Association of Taiwan Journalists chairman Yang Wei-chung (楊偉中) said freedom of the press should come first.
“My basic view is that protection of children should not be realized at the expense of freedom of the press,” he said. “I also do not believe that government’s involvement in this issue can actually protect the rights of children and juveniles.”
Although he said it was difficult to trust the government, Yang said there was also a lack of self--regulation in media organizations.
“Rather than put the issue in the hands of government, it would be better if representatives of the media and civic groups got together and came up with a -solution,” he said.
For her part, Child Welfare Bureau director-general Chang Hsiu-yuan (張秀鴛) said she supported the amendment.
“Press freedom is important, but it cannot be without limits,” Chang told the Taipei Times by telephone. “The purpose of a news report should be enhancing the public interest and protecting the public’s right to know.”
“Some news reports do provide [this], [but others] only satisfy the audience’s voyeurism instinct,” she said.
When news reports reveal too many details about a crime or suicide, it is no different from teaching people how to commit a crime or suicide, she said.
However, like media representatives, Chang said the best way to deal with the problem was through self-regulation by the media.
“TV news channels are doing a very good job at self-regulation and I hope that one day newspapers will come up with self--discipline mechanisms of their own,” she said.
Children’s Welfare League Foundation executive director Alicia Wang (王育敏) said she also supported the amendment and that there should be a classification -system for newspapers.
“Society is composed of both adults and minors; the rights of both groups should be protected,” Wang said. “There’s classification by age on TV programs, movies and books.
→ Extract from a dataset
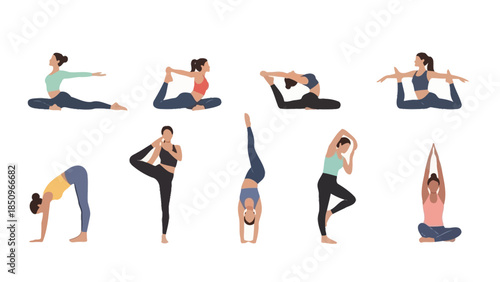 Various Yoga Poses Practiced by Women for Flexibility and Wellness Illustration
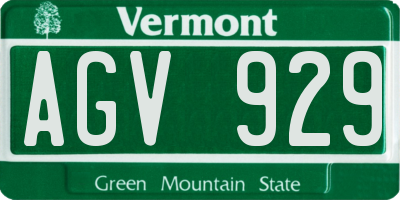 VT license plate AGV929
Why shouldn’t the same system apply for newspapers?”
Most news outlets are good at self-regulation, she said, and only a few have crossed the line.
“It’s better if there’s a red line that’s clearly defined by law … a common bottom line for all,” Wang said, adding that she might withdraw her support for the amendment if print media established an effective self-regulatory mechanism.
Speaking on condition of anonymity, an official in charge of children and juvenile affairs told the Taipei Times that most news organizations — including TV and newspapers — were generally doing well in avoiding publishing too many details on crimes.
“The only exception is the Chinese-language Apple Daily, the official said. “I would say that it would be appropriate to call this amendment an ‘Apple Daily clause.’”
“The Apple Daily is like the small piece of mouse dropping that ruined the whole pot of porridge,” the official said.
Amid the controversy over the amendment, the Ministry of the Interior called a public hearing on the matter attended by academics, media representatives, activists and officials. In the meeting, the participants all agreed that self--regulation should come before legal restrictions.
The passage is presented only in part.